• **EXERCISE GOAL**: Between the line containing "Used Skoda Superb" and the line containing "se-580_alt2_3001 se-580_alt2_3001" lies a run of lines; give that run again exactly, with both of those lines, and nothing else from the entries below.

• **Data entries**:
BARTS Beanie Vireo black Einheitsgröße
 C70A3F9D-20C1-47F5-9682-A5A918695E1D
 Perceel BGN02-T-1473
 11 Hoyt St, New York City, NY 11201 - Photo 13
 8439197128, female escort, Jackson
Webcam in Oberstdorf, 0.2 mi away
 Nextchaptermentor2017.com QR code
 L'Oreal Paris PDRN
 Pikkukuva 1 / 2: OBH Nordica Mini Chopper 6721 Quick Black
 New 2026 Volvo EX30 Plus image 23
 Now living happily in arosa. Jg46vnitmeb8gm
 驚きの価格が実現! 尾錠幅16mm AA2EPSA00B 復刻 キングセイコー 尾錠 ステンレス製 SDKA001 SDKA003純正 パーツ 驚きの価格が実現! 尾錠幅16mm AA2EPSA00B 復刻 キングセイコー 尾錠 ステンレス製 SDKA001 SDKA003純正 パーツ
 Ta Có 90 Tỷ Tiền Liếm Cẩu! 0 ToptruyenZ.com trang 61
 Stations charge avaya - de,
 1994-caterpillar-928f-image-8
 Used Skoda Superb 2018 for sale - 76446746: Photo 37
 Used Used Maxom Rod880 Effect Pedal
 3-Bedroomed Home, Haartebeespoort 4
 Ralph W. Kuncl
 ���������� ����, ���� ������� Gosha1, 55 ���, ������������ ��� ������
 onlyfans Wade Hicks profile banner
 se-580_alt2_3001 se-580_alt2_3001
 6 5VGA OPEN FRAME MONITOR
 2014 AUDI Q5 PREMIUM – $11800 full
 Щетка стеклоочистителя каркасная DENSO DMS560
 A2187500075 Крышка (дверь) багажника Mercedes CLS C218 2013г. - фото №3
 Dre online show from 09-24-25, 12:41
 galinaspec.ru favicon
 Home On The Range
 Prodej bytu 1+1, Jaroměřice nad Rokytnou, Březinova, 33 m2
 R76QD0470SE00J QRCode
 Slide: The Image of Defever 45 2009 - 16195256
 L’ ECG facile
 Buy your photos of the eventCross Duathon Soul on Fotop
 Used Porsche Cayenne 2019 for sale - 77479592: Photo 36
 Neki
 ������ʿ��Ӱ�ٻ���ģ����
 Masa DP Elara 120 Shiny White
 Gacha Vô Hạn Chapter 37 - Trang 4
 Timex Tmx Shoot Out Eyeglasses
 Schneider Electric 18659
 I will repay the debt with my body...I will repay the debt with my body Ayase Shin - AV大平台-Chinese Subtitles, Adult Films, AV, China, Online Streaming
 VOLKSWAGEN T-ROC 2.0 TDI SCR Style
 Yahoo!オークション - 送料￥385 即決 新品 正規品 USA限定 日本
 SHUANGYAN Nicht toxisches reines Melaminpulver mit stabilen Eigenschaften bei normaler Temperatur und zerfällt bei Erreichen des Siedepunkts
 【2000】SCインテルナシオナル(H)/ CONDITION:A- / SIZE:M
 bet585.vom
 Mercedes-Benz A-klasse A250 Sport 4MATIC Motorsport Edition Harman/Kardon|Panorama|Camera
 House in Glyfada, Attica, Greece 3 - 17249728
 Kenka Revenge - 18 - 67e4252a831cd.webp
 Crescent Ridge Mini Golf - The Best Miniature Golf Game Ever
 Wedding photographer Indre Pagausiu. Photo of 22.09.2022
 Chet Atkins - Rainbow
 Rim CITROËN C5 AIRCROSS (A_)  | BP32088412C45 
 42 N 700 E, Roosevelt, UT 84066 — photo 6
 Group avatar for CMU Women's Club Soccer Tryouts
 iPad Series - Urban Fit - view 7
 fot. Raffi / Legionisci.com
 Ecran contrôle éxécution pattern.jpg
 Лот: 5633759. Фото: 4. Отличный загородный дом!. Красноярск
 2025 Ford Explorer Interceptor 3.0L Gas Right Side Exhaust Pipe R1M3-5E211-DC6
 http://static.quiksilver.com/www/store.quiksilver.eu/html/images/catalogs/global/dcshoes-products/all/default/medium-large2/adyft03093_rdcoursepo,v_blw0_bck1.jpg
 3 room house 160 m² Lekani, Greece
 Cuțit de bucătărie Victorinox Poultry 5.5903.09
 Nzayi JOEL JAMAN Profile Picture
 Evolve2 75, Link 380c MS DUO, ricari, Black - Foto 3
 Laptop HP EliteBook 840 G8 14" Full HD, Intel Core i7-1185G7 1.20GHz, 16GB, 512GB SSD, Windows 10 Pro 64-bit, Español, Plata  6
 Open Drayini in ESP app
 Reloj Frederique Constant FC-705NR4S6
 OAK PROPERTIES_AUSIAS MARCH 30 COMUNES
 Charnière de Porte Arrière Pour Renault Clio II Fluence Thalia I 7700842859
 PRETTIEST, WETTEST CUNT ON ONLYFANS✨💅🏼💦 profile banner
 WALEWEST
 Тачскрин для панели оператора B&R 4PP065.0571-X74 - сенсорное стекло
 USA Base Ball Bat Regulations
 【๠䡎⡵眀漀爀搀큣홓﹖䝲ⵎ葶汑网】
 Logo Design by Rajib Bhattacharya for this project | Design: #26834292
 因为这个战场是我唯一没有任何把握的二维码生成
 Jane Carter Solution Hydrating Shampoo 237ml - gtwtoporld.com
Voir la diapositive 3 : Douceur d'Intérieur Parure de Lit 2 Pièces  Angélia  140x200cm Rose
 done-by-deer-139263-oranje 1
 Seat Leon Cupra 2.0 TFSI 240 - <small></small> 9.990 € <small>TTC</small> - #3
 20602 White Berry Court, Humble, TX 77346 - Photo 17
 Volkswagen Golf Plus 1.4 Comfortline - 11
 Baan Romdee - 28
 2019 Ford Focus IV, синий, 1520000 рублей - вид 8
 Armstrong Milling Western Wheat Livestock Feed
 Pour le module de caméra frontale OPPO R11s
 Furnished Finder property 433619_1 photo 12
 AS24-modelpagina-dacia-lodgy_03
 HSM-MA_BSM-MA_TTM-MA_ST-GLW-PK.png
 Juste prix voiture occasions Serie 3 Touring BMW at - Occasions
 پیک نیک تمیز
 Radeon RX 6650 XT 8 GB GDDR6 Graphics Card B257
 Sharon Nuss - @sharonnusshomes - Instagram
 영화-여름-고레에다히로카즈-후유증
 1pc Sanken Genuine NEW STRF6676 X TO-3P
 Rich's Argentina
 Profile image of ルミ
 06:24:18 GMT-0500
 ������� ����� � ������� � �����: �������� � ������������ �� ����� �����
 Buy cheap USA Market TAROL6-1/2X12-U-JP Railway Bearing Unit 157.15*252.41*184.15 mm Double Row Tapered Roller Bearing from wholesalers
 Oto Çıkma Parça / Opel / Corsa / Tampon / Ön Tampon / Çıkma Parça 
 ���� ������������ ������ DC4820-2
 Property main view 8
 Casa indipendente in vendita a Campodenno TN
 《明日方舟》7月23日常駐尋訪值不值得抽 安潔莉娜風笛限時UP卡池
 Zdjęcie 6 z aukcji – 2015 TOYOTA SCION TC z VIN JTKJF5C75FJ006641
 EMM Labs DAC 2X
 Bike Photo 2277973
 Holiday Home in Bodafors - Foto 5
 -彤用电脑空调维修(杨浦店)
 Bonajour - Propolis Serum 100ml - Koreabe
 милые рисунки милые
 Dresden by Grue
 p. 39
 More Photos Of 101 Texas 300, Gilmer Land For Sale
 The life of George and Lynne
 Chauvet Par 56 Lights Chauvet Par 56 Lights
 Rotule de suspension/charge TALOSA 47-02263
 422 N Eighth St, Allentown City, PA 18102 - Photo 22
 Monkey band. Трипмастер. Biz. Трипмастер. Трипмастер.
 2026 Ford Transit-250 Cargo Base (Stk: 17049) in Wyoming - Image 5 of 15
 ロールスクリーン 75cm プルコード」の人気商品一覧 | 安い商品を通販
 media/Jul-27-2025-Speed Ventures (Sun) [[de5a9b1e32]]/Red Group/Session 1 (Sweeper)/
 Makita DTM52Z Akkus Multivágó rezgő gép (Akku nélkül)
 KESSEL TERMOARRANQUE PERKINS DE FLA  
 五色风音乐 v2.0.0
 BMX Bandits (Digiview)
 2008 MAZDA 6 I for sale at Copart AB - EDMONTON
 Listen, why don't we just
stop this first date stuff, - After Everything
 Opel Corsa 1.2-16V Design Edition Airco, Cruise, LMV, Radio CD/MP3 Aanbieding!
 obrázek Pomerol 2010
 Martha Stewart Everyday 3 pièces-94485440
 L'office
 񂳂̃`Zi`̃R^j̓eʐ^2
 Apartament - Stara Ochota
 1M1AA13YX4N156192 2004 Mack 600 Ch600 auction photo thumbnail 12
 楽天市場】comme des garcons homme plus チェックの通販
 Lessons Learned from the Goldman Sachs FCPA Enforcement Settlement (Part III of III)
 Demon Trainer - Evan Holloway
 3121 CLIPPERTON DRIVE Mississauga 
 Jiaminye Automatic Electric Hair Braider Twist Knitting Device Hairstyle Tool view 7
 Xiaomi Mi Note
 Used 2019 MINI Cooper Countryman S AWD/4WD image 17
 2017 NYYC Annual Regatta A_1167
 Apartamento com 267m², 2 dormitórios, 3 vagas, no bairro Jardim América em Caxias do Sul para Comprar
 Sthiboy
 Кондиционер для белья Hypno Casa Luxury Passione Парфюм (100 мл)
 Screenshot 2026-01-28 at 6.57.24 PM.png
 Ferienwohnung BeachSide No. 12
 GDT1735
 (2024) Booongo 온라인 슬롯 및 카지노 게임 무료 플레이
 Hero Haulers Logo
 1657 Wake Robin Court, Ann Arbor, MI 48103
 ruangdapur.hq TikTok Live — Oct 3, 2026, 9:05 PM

• **ANSWER TO THIS EXERCISE**:
 Used Skoda Superb 2018 for sale - 76446746: Photo 37
 Used Used Maxom Rod880 Effect Pedal
 3-Bedroomed Home, Haartebeespoort 4
 Ralph W. Kuncl
 ���������� ����, ���� ������� Gosha1, 55 ���, ������������ ��� ������
 onlyfans Wade Hicks profile banner
 se-580_alt2_3001 se-580_alt2_3001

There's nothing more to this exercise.